Your task: Every line from the one containing "爱游戏-阿森纳历年首发前锋" through the end of the data is to be copied exactly, and nothing outside that range.
*** Records ***
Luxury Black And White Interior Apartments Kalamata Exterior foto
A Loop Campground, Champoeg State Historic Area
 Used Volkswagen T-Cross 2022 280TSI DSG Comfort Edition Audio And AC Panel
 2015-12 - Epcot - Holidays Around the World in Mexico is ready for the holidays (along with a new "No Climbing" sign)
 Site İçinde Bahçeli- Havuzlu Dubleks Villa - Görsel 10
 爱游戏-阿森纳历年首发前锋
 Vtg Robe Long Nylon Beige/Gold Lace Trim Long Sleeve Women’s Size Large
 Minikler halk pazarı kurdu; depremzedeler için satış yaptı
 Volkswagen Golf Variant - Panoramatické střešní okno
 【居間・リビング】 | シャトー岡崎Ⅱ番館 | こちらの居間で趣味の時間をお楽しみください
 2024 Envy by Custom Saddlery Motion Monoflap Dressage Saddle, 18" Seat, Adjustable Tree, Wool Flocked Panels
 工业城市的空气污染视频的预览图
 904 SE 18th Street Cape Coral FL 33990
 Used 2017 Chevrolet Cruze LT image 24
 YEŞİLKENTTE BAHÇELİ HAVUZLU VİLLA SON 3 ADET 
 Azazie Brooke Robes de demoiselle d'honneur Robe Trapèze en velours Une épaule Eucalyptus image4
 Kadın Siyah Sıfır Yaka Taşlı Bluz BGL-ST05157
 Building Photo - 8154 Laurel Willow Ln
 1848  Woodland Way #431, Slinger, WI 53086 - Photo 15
*** End of Records ***
The answer:
 爱游戏-阿森纳历年首发前锋
 Vtg Robe Long Nylon Beige/Gold Lace Trim Long Sleeve Women’s Size Large
 Minikler halk pazarı kurdu; depremzedeler için satış yaptı
 Volkswagen Golf Variant - Panoramatické střešní okno
 【居間・リビング】 | シャトー岡崎Ⅱ番館 | こちらの居間で趣味の時間をお楽しみください
 2024 Envy by Custom Saddlery Motion Monoflap Dressage Saddle, 18" Seat, Adjustable Tree, Wool Flocked Panels
 工业城市的空气污染视频的预览图
 904 SE 18th Street Cape Coral FL 33990
 Used 2017 Chevrolet Cruze LT image 24
 YEŞİLKENTTE BAHÇELİ HAVUZLU VİLLA SON 3 ADET 
 Azazie Brooke Robes de demoiselle d'honneur Robe Trapèze en velours Une épaule Eucalyptus image4
 Kadın Siyah Sıfır Yaka Taşlı Bluz BGL-ST05157
 Building Photo - 8154 Laurel Willow Ln
 1848  Woodland Way #431, Slinger, WI 53086 - Photo 15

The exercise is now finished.